I'm a working mum writing about life in Edinburgh (and anywhere else we go) with two curious, adventurous, and imaginative children. Visit my blog at www.linzertortes.blogspot.co.uk. Follow me on Twitter: @LinzerLaw
Published November 22nd 2012
If you're worried about the amount you consume, and the impact it has on the people involved in the supply chain, then you'll be interested in the concept of Fair Trade goods. Most people are aware of Fair Trade coffee, bananas, and cotton, but there are lots more products available.
You might not know the variety of Fair Trade products you can buy, and that's why I have created this article. I have been an advocate since I first discovered Green & Black's Maya Gold chocolate. It is my favourite chocolate ever, but it also led me to find out more about Fair Trade.
A selection of Fair Trade products. Source: Fair Trade Foundation
What is Fair Trade? The Fairtrade Foundation was founded in 1992 to provide UK products with a Fair Trade certification. The Foundation's vision was of a world where everyone, through their work, can maintain a decent and dignified livelihood and develop their full potential.
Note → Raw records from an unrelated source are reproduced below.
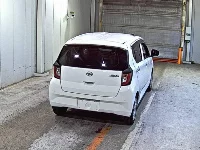 Цена авто Daihatsu  с аукционов Японии, номер кузова LA350S, пробег 79 000, оценка 8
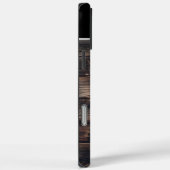 William's gepersonaliseerde Moose Mount Case-Mate iPhone Case (Achterkant / Rechts)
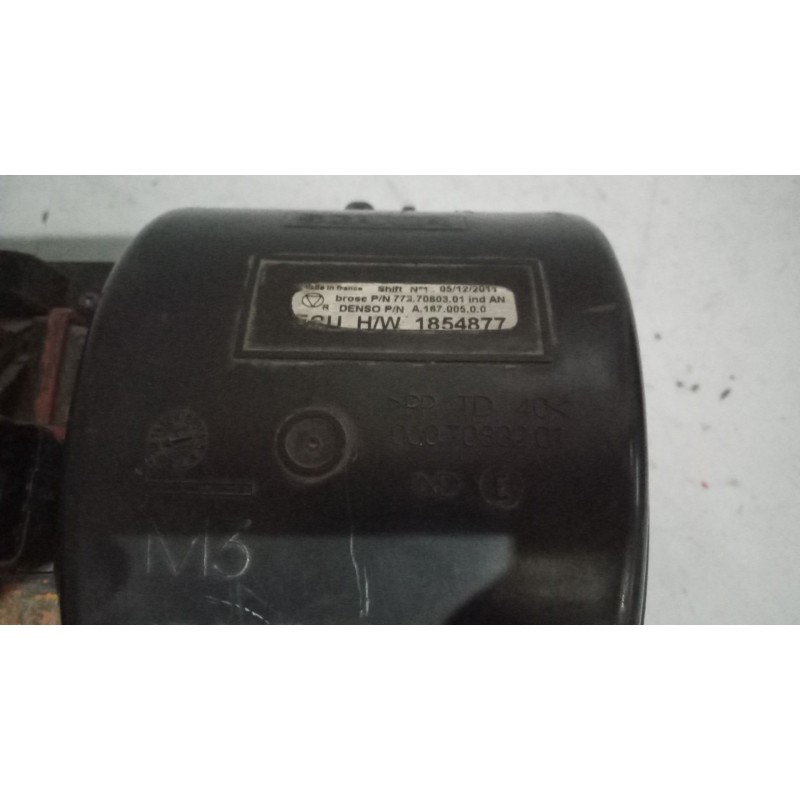 Recambio de motor calefaccion para scania r i r 580 referencia OEM IAM 1492018  1854877 - Blanco 4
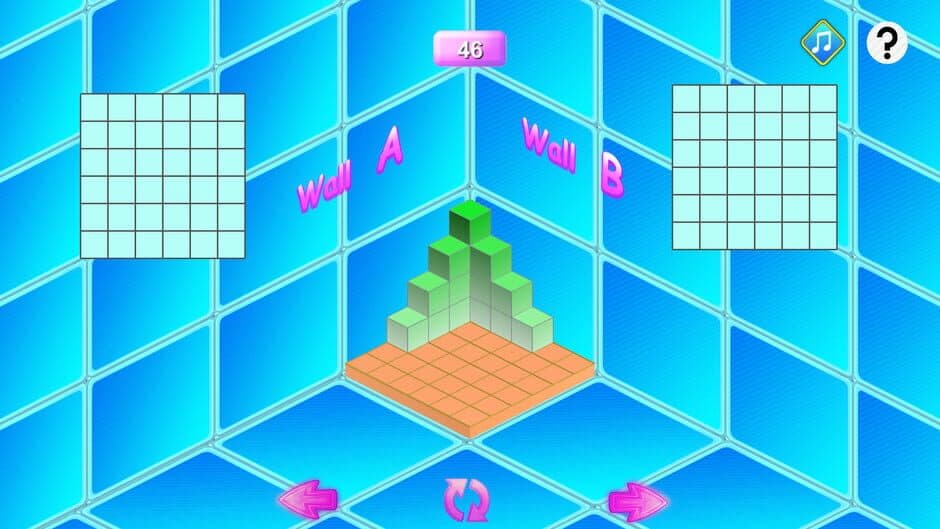 Скриншот 8 из Cube Projection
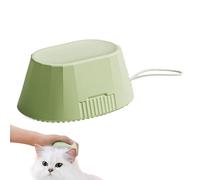 Rollo de felpa para pelo de mascotas,Rodillo de peluche reutilizable ropa - Colector de polvo multifuncional para limpieza de hogar muebles alfombras sofás interior del coche asiento de coche y cama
To achieve that vision, Fair Trade transforms trading structures and practices in favour of the poor and disadvantaged, contributing to sustainable development for marginalised producers, workers and their communities. Fair Trade offers an alternative to conventional trade and it empowers citizens to campaign for an international trade system based on justice and fairness.
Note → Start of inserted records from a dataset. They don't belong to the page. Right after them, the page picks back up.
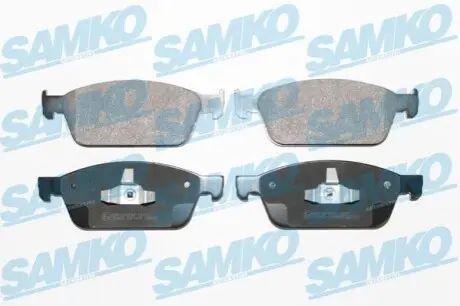 Тормозные колодки FOCUS III KUGA II SAMKO 5SP1879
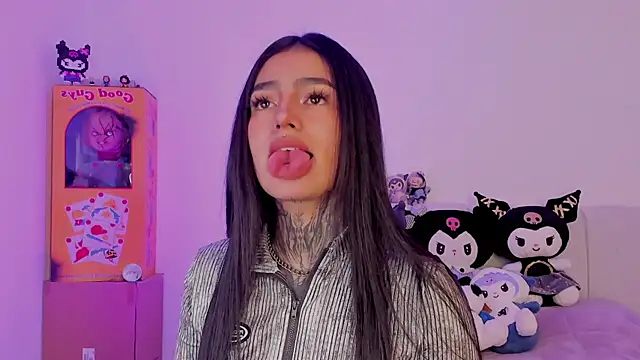 shadowcatt  online show from 10.24.25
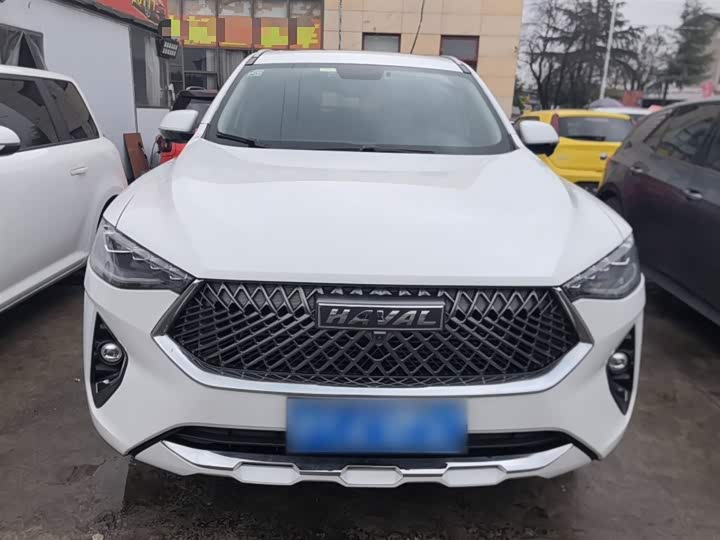 Фото 3 - Haval F7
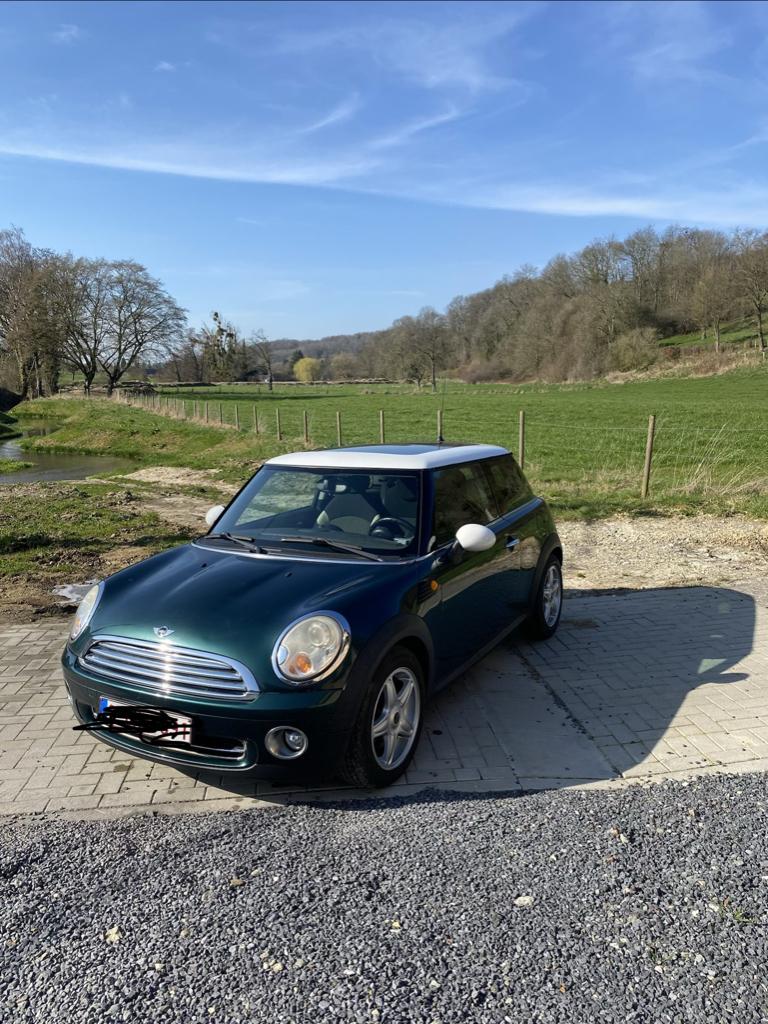 MINI Cooper te koop, Autos, 1140 kg, Achat, 139 g/km, Boîte manuelle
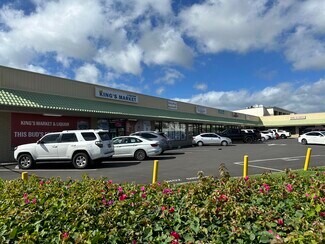 More details for 1101 N King St, Honolulu, HI - Retail for Lease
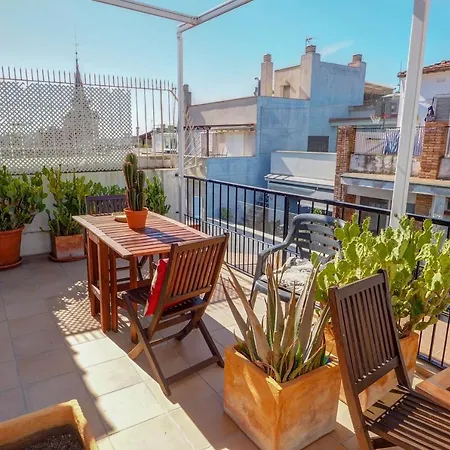 Central Island Penthouse By Hello Homes Lägenhet Sitges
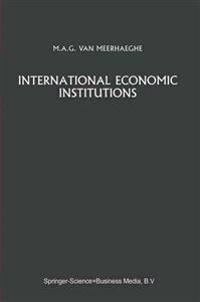 International Economic Institutions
Since the founding of the Fair Trade label it has grown from its origins in the UK. It is now a trusted symbol recognised all over the world by consumes who want to be sure that the people making the products have been treated fairly and sustainably.
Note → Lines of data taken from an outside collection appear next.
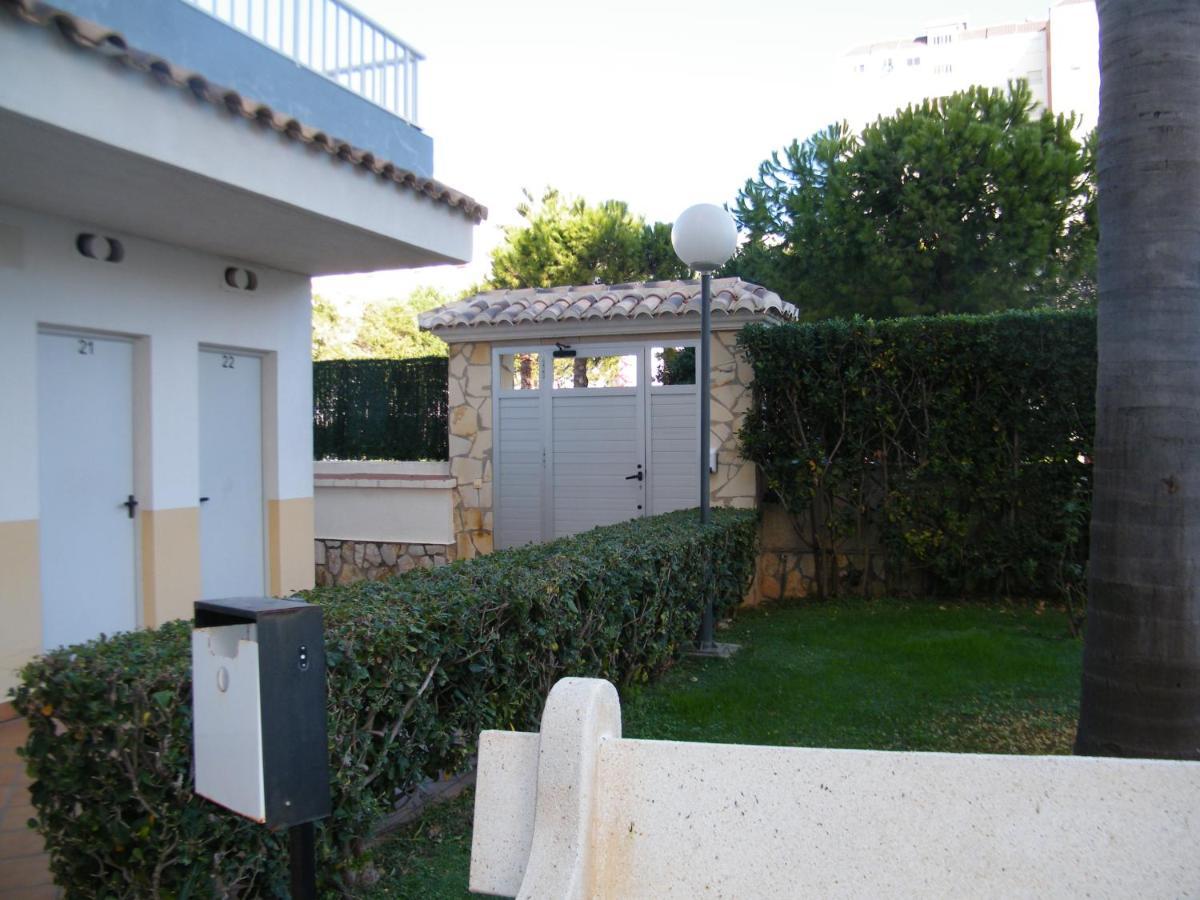 Apartamento Palmeras Ii, Mnostrum Playa De Gandia Exclusivo Familias Εξωτερικό φωτογραφία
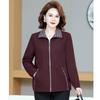 Elegant Women's Mid-Season Casual Jacket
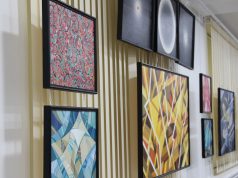 В Кишиневе открыта выставка “Интерполяция” Вячеслава Игнатенко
Fair Trade Products: There's an ever-growing variety of Fair Trade products available. Some are very well-known and are readily available in your local supermarket.
The Fair Trade website has a full list, but here are some ideas for what you could easily swap into your weekly shop:
Coffee Tea Sugar
Fresh Fruits (including bananas, lemons, oranges, and mangoes)
Chocolate and Cocoa
Dried Fruit (including apricots, raisins, sultanas, apples)
If you have children, why not start out by buying their cotton t-shirts for school in Fair Trade cotton? The best place to get these in the UK is Marks and Spencers, who are building up a range of Fair Trade cotton clothes.
Is it still ethical to buy Fair Trade from a supermarket?
The good thing about the supermarkets is that you can access the economy options, but they also have very wide ranges of Fair Trade produce that you can swap in and out of your basket as budget and requirement allows.
A basket full of Fair Trade produce. Source: Fair Trade Foundation
However, you might feel that simply stocking Fair Trade doesn't offset the big chains' other questionable practices. Things like: the treatment of small dairy farmers in the UK who cannot be covered by Fair Trade, or by the fact that only they sell a range of t-shirts with the Fair Trade logo, and all of the rest of their clothes might be made in factories with very poor conditions for workers.
Despite these concerns supermarkets are still the place that most people shop. The reality is that most people don't have the luxury of time to do more bespoke shopping. A weekly supermarket trip with all of the convenience and economy options they offer is essential for many families.
In the UK, the Co-operative ranks most highly out of all of the supermarkets for own brand Fair Trade products. They are committed to increasing their range, and as they are owned by members rather being a public company, they are more directly accountable to their shoppers.
If you don't feel comfortable with supermarkets then there are plenty of smaller shops that you can use, which might represent an option that rests more easily on your conscience.
Personally, I started small by always ensuring I buy tea, coffee, sugar and bananas that are Fair Trade, but I'm trying to increase that until I buy Fair Trade whenever the option is available.
If you want to go one step further, there are lots of churches, schools, and even towns who have received Fair Trade certification. You can find out more from the Fair Trade towns organisation.
Do you buy Fair Trade? Would you consider making a Fair Trade pledge this New Year to swap at least one of the items you usually buy for a Fair Trade one?